Mr. Bile has already commented on it, but I think he's viewing the film through 3-D colored glasses. I'm all for taking liberties with the source material--Grendel really impressed me in high school--and it's great that we finally got to see Angelina Jolie in her true form. Also, I think it's pretty cool that the dragon really fights like a dragon, and not like a gang of 50 disposable bad guys in an old-school Jackie Chan movie who attack him one at a time.
But, man, those boss battles were long. And the cut-scenes in-between? Can we all just agree that Neil Gaiman should never be allowed near movies? I've read Smoke and Mirrors.

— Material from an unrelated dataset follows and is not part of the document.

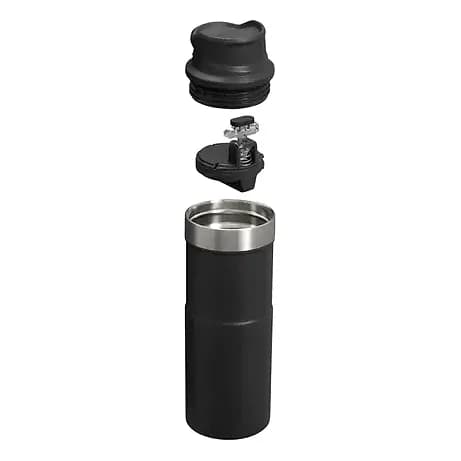 Promosyon siyah termos, parçalarına ayrılmış halde yaylı piston ve filtre düzeneğiyle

That man holds a serious grudge.
The plot of the original, as I understand it:
- There's a grendel.
- A beowulf rips off its arm.
- A beowulf kills its mom.
- Then there's a dragon.
- Grendel's mother is a symbol not necessarily of temptation (though base heterosexual urges and the desire to produce progeny is the ultimate weakness of all men who like to be naked in front of other men), but of the mistakes fathers commit as seen through the eyes of their own sons.

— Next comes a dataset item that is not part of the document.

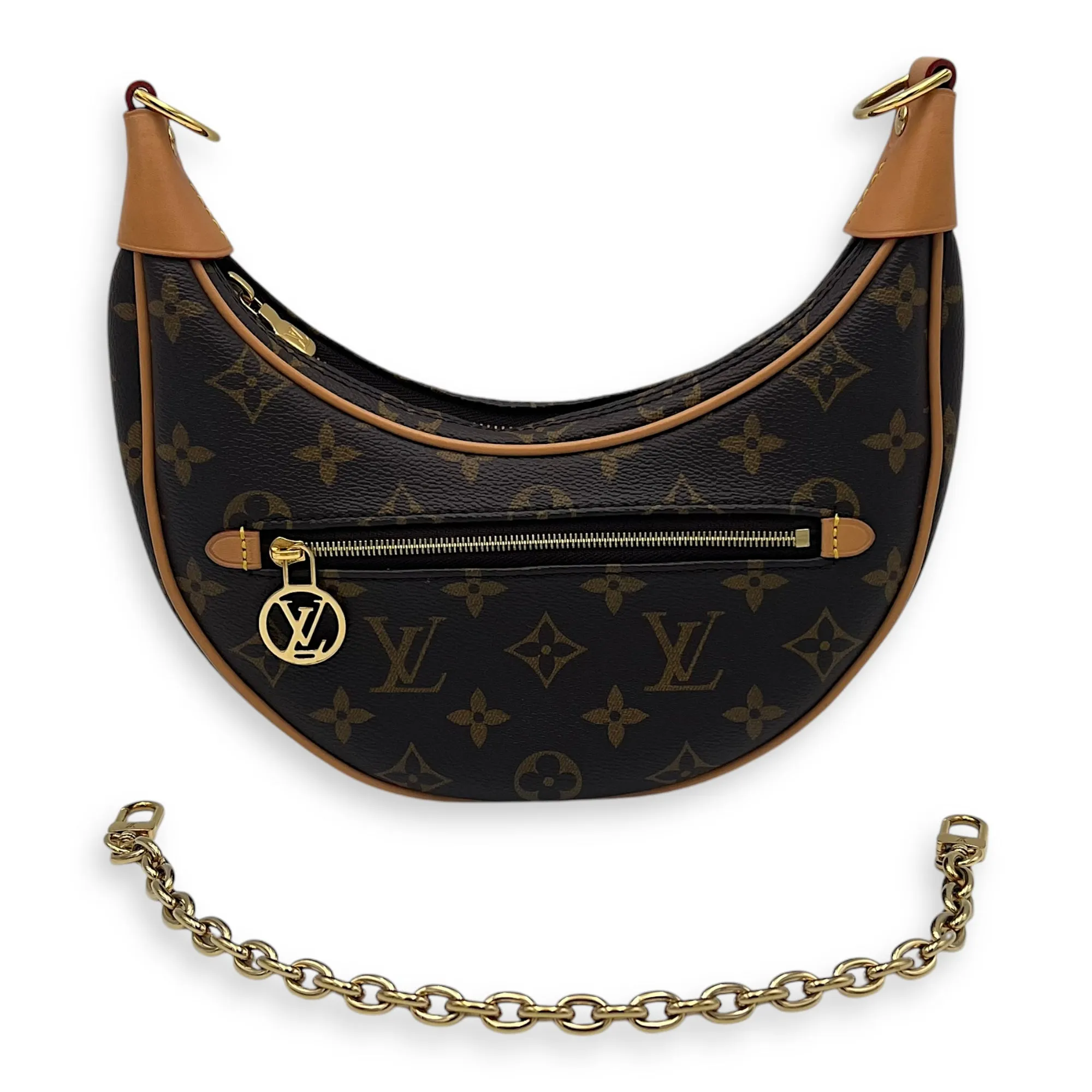 Loop Shoulder Bag Brown in Monogram Coated Canvas, Gold hardware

- Alternatively, the film is really about women discovering what they really want in a man. Grendel's mother and Hrothgar's wife slowly upgrade their relationships throughout the movie, as they learn that the longer a man hesitates to have sex with you, the more noble he is, and the more kick-ass your kids might be.
- Something about Christianity. There's a lot of crosses on evil people and dead people on crosses and burning crosses that fall on dead people. Apparently, Robert Zemeckis is an alternate universe Tim Burton with a cross fetish.
That's Beowulf, I guess.
1 comment:
Hmm...I can't seem to tell whether you liked it or not. I thought it was entertaining enough, having never been faced with having to memorize the story in high school myself. It was rather difficult to understand Grendel when he was talking...I really could have used subtitles for his parts. I was left having to just piece together what he was saying as he went along.